Many job-seekers would no longer face tests for marijuana use under legislation that New York City is likely to enact, taking a novel step as lawmakers and employers around the U.S. grapple with workplace policies about pot.
The Democrat-led City Council passed a measure Tuesday that would ban pre-employment testing for the drug, with certain exceptions.
Supporters see the measure , which if enacted may be the first of its breadth, as knocking down a barrier that blocks people from jobs because of private behavior, not professional ability.
“If you ingest weed in whatever manner a month ago, I’m not sure how that prevents you from doing your job now,” Public Advocate Jumaane Williams, a Democrat who sponsored the proposal, told the council.
But some council members and business groups object to what they see as municipal meddling with a valid employment concern.

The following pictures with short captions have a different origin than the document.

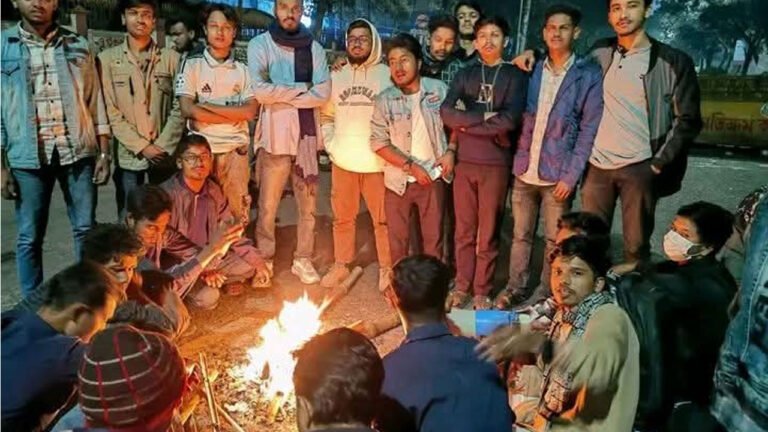 রাতেও শিক্ষা ভবনের সামনে ঢাকা সেন্ট্রাল ইউনিভার্সিটির শিক্ষার্থীদের অবস্থান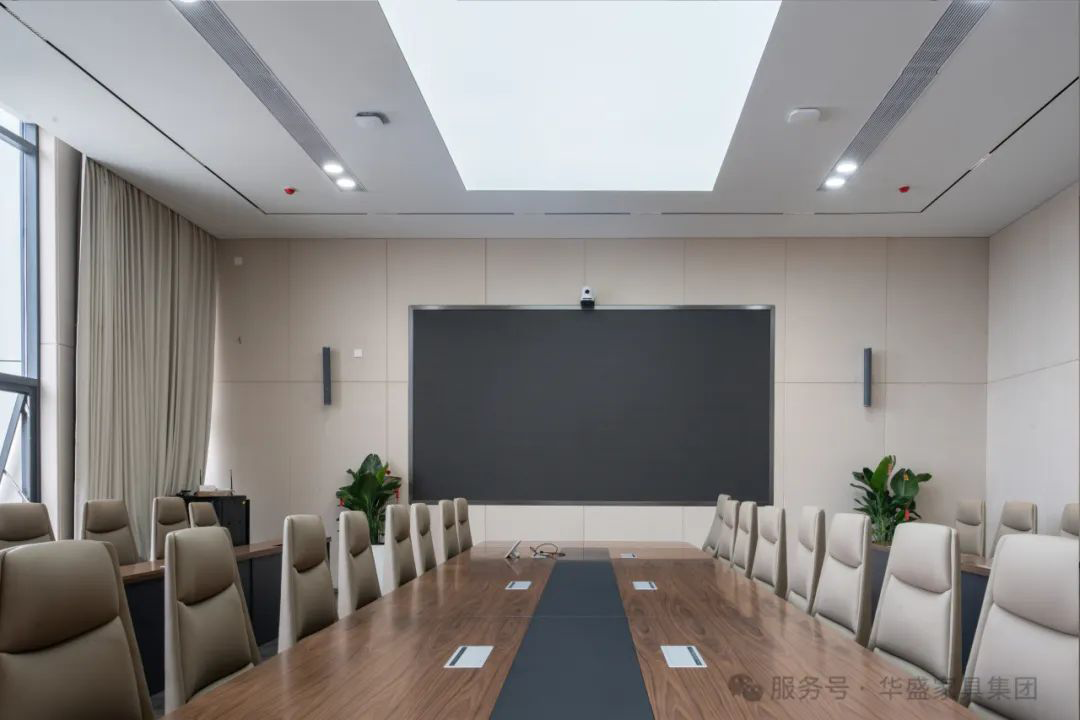 华盛家具集团助力头部企业TCL空调营造高效协作办公空间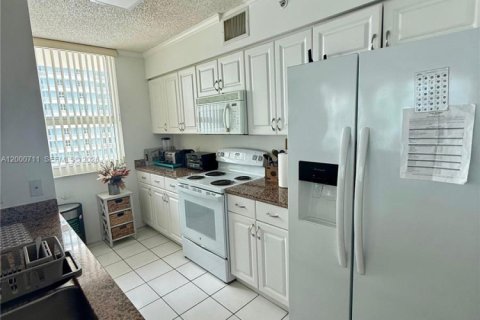 Copropriété à vendre à Miami, Floride: 3 chambres, 136.57 m2 № 2066371 - photo 4
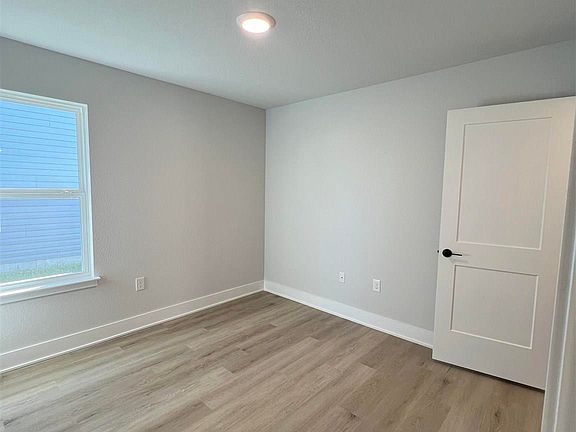 4th image of 3355 Bliss Ln #5E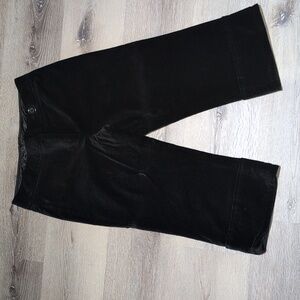 Vintage Y2K Velvet black low rise Capri short pants size 3/4 waist 15"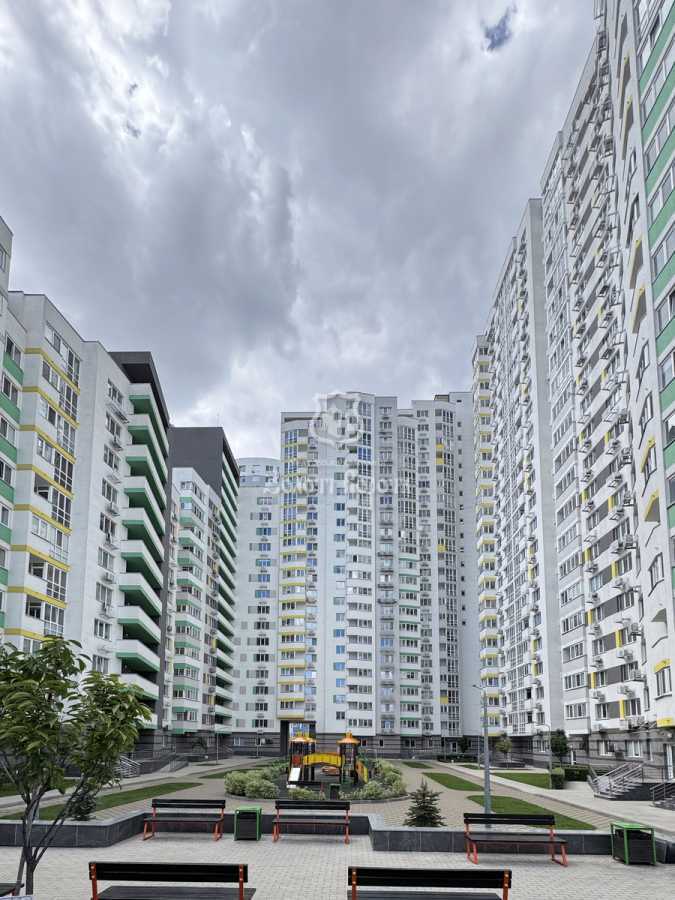 Продажа 1-комнатной квартиры 35.2 м², Харьковское шоссе, 190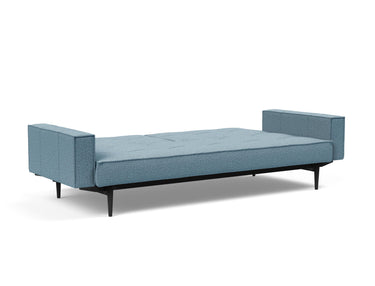 Splitback Styletto Black Wood sovesofa med armlæn i 525 Mixed Dance Light Blue, slået ud til seng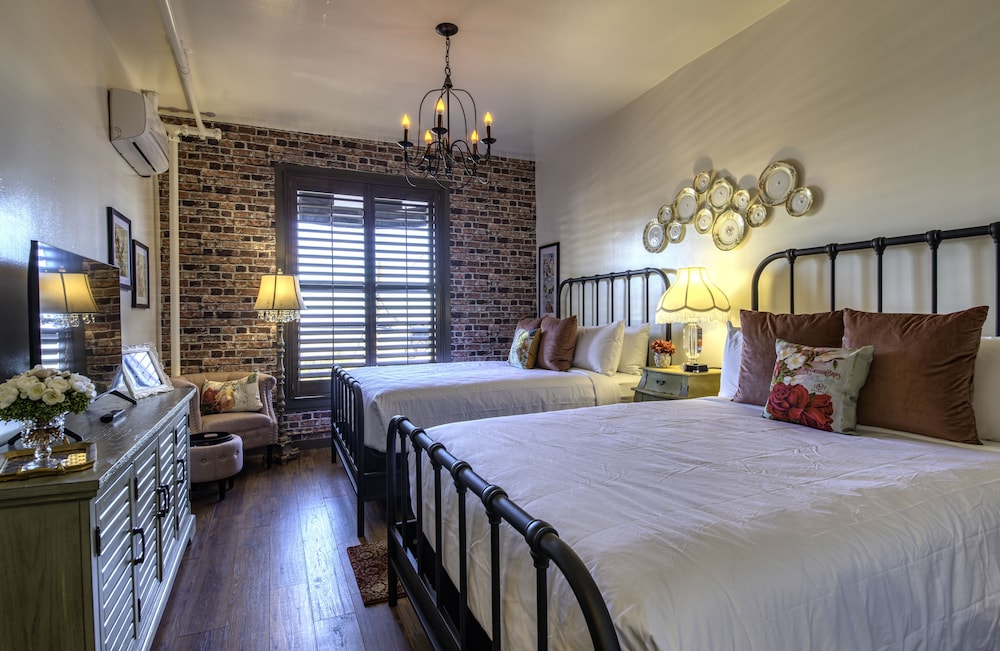 Standard Room, Private Bathroom (Victorian Rose) photo 1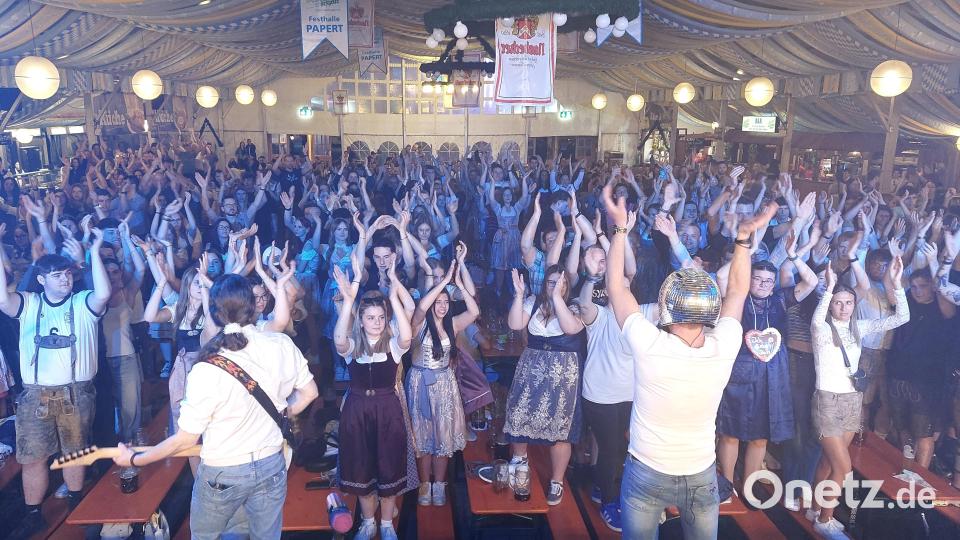 Die Partyband &quot;Highline&quot; mit dem Sänger im Glitzerhelm verwandelt das Festzelt beim Frühlingsfest 2025 in Weiden in einen Hexenkessel. Bild: Helmut Kunz [uz] (HELMUT.KUNZ-WEIDEN@T-ONLINE.DE)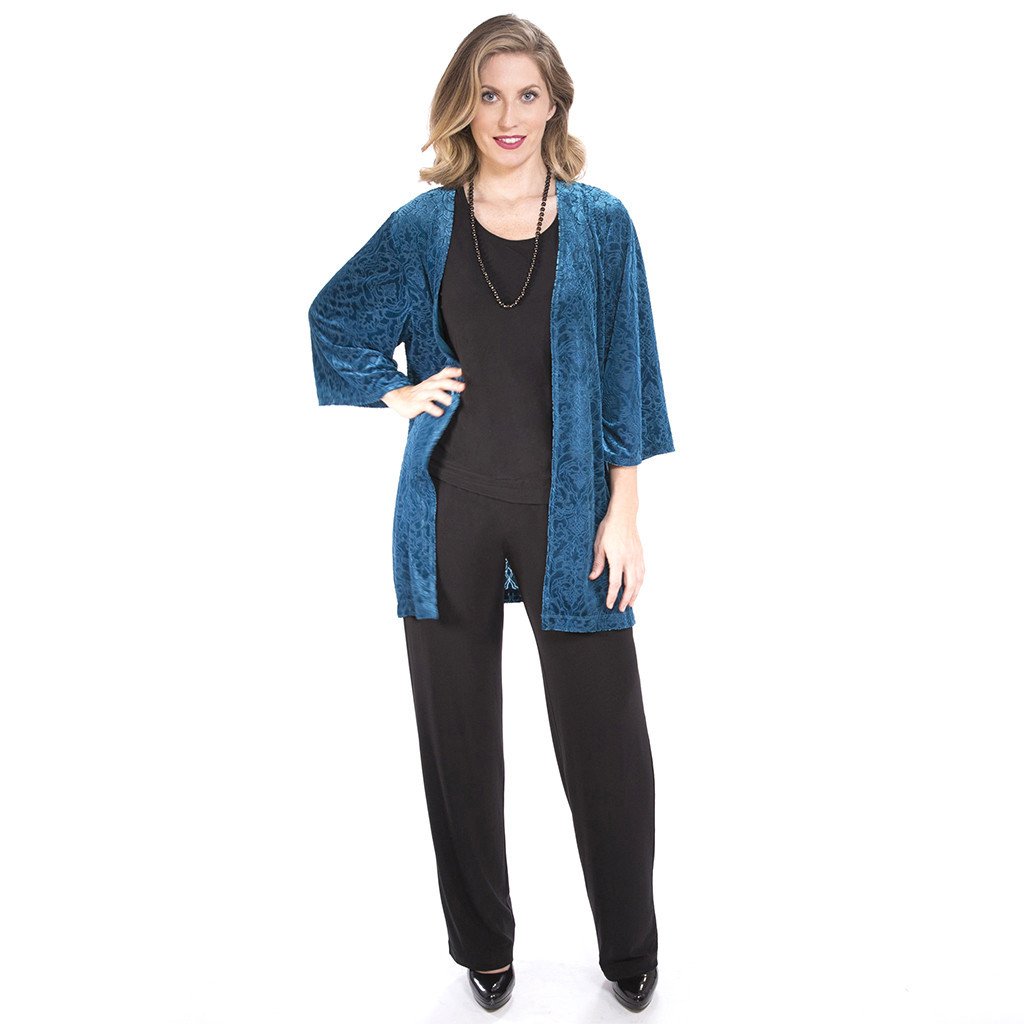 Our Asbury Kimono is the gorgeous layering piece perfect for the holidays and beyond! goo.gl/M812yD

“Private businesses should have the power to determine their own hiring practices — not just in deciding what skills and experience are relevant to certain positions, but also whether the use of a specific drug could have an adverse impact on a prospective employee’s ability to perform,” Council Republican Leader Steven Matteo said in a statement.
The measure is awaiting action from Mayor Bill de Blasio, a Democrat. A spokeswoman told The New York Times that City Hall supports the legislation; The Associated Press sent an inquiry Friday seeking to confirm the mayor’s position.